Just days after the World Health Organization’s International Agency for Research on Cancer released a report publicly declaring the well-known link between Monsanto’s Roundup herbicide and cancer, the GMO leviathan is already calling on the entire agency to issue a ‘retraction.’
Recently, Monsanto’s Roundup herbicide – the most widely used and best-selling herbicide in the U.S. and one of the world’s most popular weed-killers – has been labeled a probable carcinogen by the International Agency for Research on Cancer. Now Monsanto is fighting that assessment.
As reported by The Lancet:
“In March, 2015, 17 experts from 11 countries met at the International Agency for Research on Cancer (IARC; Lyon, France) to assess the carcinogenicity of the organophosphate pesticides tetrachlorvinphos, parathion, malathion, diazinon, and glyphosate (table). These assessments will be published as volume 112 of the IARC Monographs.”
Instead of deciding to make the product safer, or even delving into the realm of the conclusion from the scientists that Roundup is ‘probably carcinogenic (cancer-causing) to humans,’ Monsanto instead stated that they ‘question’ the assessment.
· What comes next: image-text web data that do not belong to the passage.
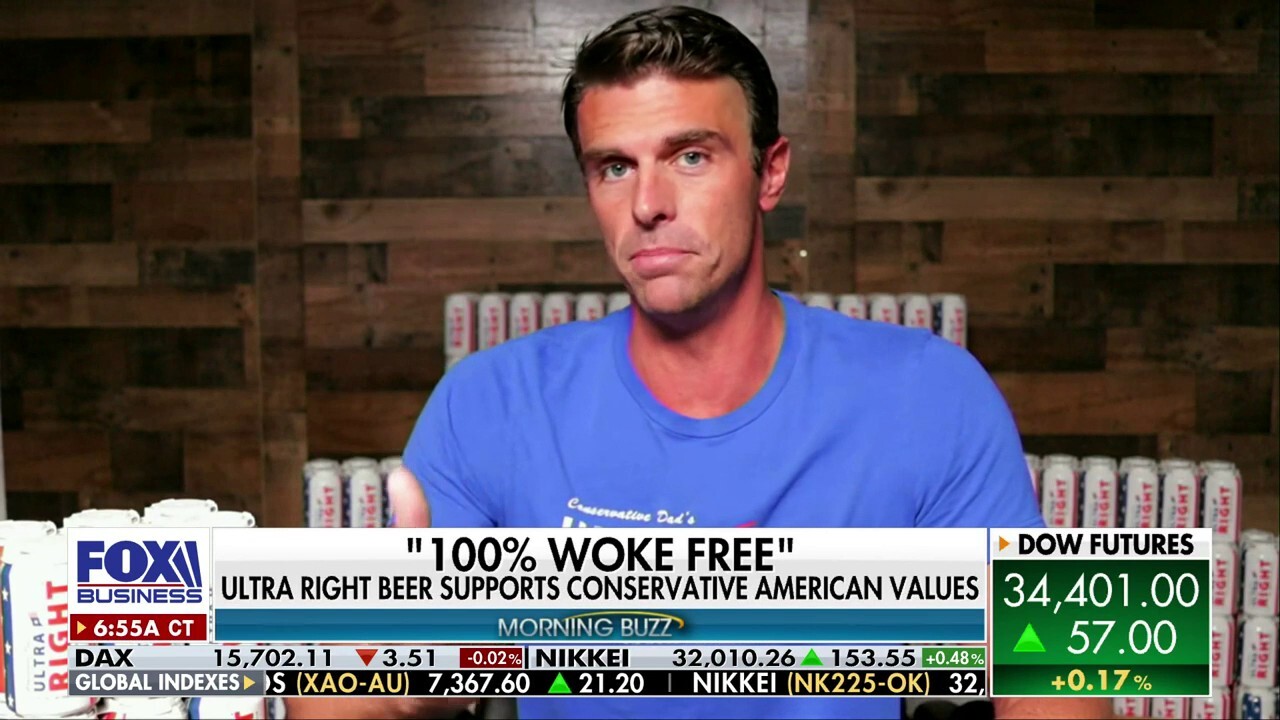 Conservative Dad’s Ultra Right Beer founder Seth Weathers discusses his company’s success as more businesses face backlash for woke practices.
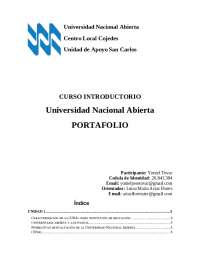 Reflexiones sobre el Aprendizaje en la Universidad Nacional Abierta (UNA)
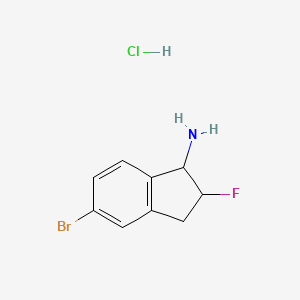 5-bromo-2-fluoro-2,3-dihydro-1H-inden-1-amine hydrochloride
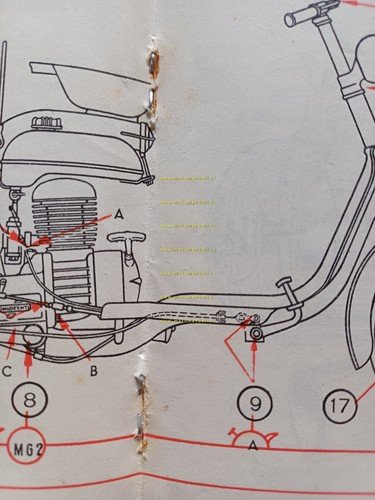 Innocenti Lambretta 125 e manuale uso manutenzione libretto italiano originale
“We question the quality of the assessment,”the vice president of global regulatory affairs for Monsanto, Philip Miller, stated in an interview. “The WHO has something to explain.”
I think Monsanto has something to explain. And so do many scientific experts around the globe.
“There are a number of independent, published manuscripts that clearly indicate that glyphosate … can promote cancer and tumor growth,” said Dave Schubert, from the cellular neurobiology laboratory at the Salk Institute for Biological Studies in La Jolla, California. “It should be banned.”
Numerous past studies have proposed what most of us have already surmised, that glyphosate – the main ingredient in Monsanto’s RoundUp – is utterly killing us. What’s more – it is causing damage in much smaller servings than the agriculture industry is dishing out in its common GMO and pesticide spraying practices.
With the already existing plethora of research pointing towards Roundup’s dangers, as well as this most recent assessment from the WHO, I think we have reason enough to find a better way to stop weeds.